- Shell on Wednesday said it would increase shareholder distributions to 30% to 40% of cash flow from operations, up from 20% to 30% previously.
- This includes raising the dividend per share by an expected 15% from the second quarter and executing at least $5 billion of share buybacks in the second half of the year.
- "We will invest in the models that work – those with the highest returns that play to our strengths," Shell CEO Wael Sawan said in a statement.
British oil major Shell on Wednesday announced plans to boost returns to shareholders and keep oil output steady, as part of its strategy to simplify the group's business and improve investor confidence.
Ahead of its Capital Markets Day conference in New York later in the day, Shell said it would increase shareholder distributions to 30% to 40% of cash flow from operations, up from 20% to 30% previously.
This includes raising the dividend per share by an expected 15% from the second quarter and executing at least $5 billion of share buybacks in the second half of the year.
"Performance, discipline, and simplification will be our guiding principles as we allocate capital to enhance shareholder distributions, while enabling the energy transition," said Shell CEO Wael Sawan.

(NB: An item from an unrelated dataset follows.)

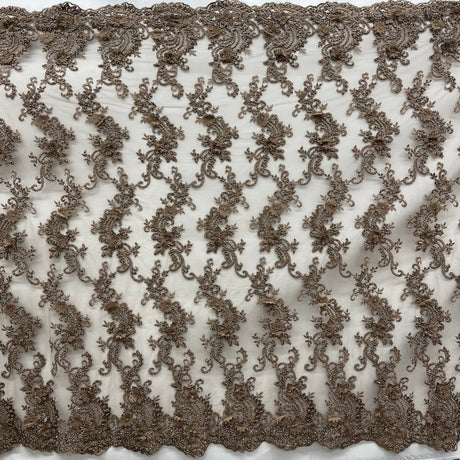Beaded Floral Lace Fabric 3D Embroidered Net Mesh 52" Wide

"We will invest in the models that work – those with the highest returns that play to our strengths," added Sawan, who took office at the start of the year after serving as director of the company's integrated gas, renewables and energy solutions.
Shell's focus on performance and capital discipline comes as the company seeks to close what many see as the growing gap in valuations between European and U.S. oil majors. The British oil major reported a record annual profit of nearly $40 billion for 2022.
The firm on Wednesday announced capital spending will be reduced to $22 billion to $25 billion per year for 2024 and 2025, respectively.
Shares of Shell were up 1.5% on Wednesday. The firm's London-listed stock price is marginally lower year-to-date.
Shell said it would maintain oil production at current levels through to the end of the decade as part of a bid to generate more cash from its oil division. It simultaneously reiterated its commitment to climate targets, saying it was making "good progress" toward becoming a net-zero business by 2050.
The company will also seek to grow its integrated gas business while maintaining leadership in the global liquefied natural gas market.
The burning of fossil fuels, such as oil, gas and coal, is the chief driver of the climate emergency. Shell's decision to refrain from new oil output cuts drew criticism from activist shareholder group Follow This.
Mark van Baal, founder of Follow This, on Wednesday said Shell's growth in fossil fuels puts the company "on a collision course" with the 2015 Paris Agreement, noting the landmark climate accord calls for a halving of carbon emissions by 2030.
"The new CEO Wael Sawan would not dare to grow Shell's fossil fuel business if more institutional investors had voted in favour of the Follow This climate resolution requesting Paris-aligned targets," he added.
At the Shell shareholder meeting last month, support for a Follow This resolution demanding tougher emission reduction targets by the end of the decade came in at 20%. "Shell still has to answer these 20%," van Baal said.
The Shell annual general meeting was repeatedly disrupted by protesters last month, reflecting a palpable sense of frustration during the Big Oil proxy voting season.
The world's leading climate scientists have previously warned that the fight to keep global heating under 1.5 degrees Celsius has reached "now or never" territory, saying last year that "any further delay in concerted global action will miss a brief and rapidly closing window to secure a liveable future."